Hawaii News Now - KGMB and KHNL 

 KAHULUI, MAUI (HawaiiNewsNow) - Another bright green laser forced a Coast Guard plane to abort its landing during a training mission on Monday night. The HC-130H Hercules aircraft was approaching the Kahului Airport with seven crew members were onboard when someone aimed a laser at the plane. Only co-pilot Lt.

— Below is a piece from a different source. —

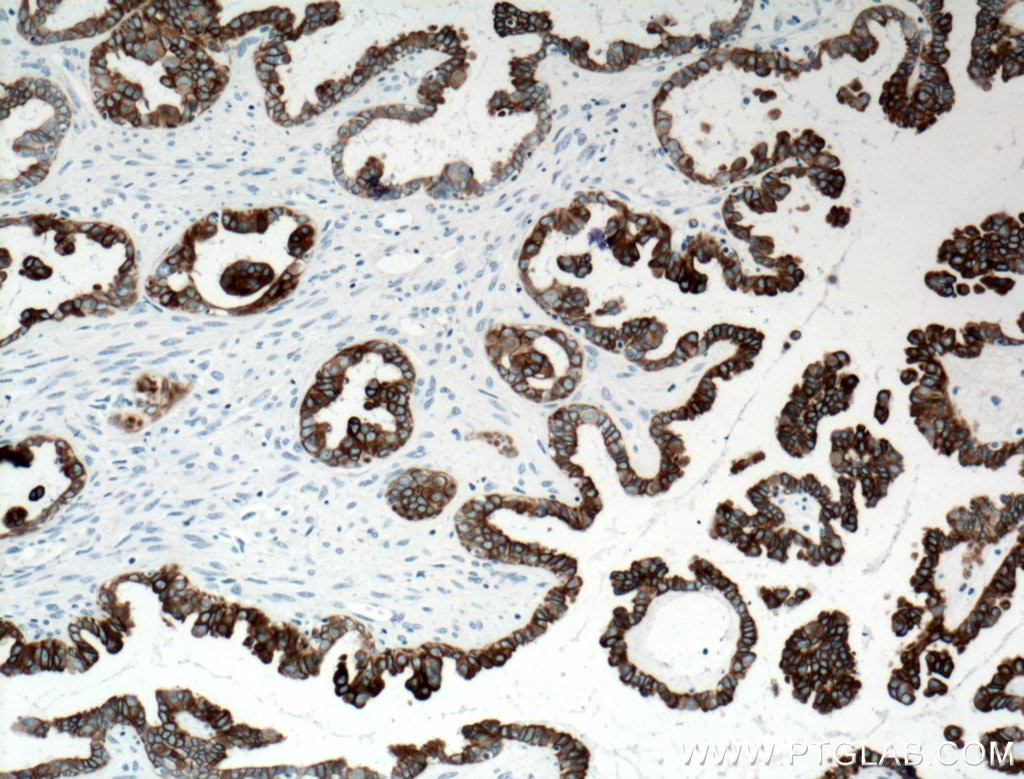 Immunohistochemistry (IHC) staining of human ovary tumor tissue using Cytokeratin 7 Monoclonal antibody (66483-1-Ig)
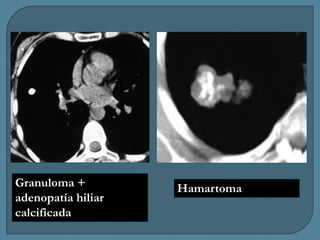 Granuloma +
adenopatía hiliar
calcificada

Hamartoma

Aaron Gastaldo, 38, was affected. 

 "At 4,000 feet, I noticed a green flash off my left side, a little bit to my left, and I looked down and there was a green laser," said Gastaldo.

The plane immediately returned to Barbers Point on Oahu.

"It's upsetting because we had to call another pilot in who can't spend time with his family, and there's also a gap in the service that we provide to the public as far as distressed mariners," said Gastaldo.

Laser pointers can cause flash blindness or a temporary loss of night vision, but doctors cleared Gastaldo to fly again. This was the third laser incident in a little more than a year for Coast Guard crews based at Barbers Point.

Someone pointed a long-range laser at a helicopter two miles offshore of Oahu in October 2012. Another chopper encounter happened in December 2011. The FAA received 46 reports of laser incidents in Hawaii in 2012, up from 36 in 2011.

"It is difficult, but I know the federal agencies and state agencies are getting better at pinpointing," said U.S. Coast Guard Lt. Casey Corpe. "They will try and pinpoint that location and prosecute anybody if they do find them and it is a federal offense."

"It's not a game, so people that are doing it need to stop, and if you know people that are shooting aircraft with lasers, they need to stop, tell their friends to stop," said Corpe.

Police in Dallas, Texas arrested a man who allegedly beamed a laser at a police helicopter tracking a burglary suspect on Monday. The pilot was able to pinpoint the source and officers on the ground nabbed a 22-year-old man.

There were 3,482 last reports nationwide in 2012, according to the FAA.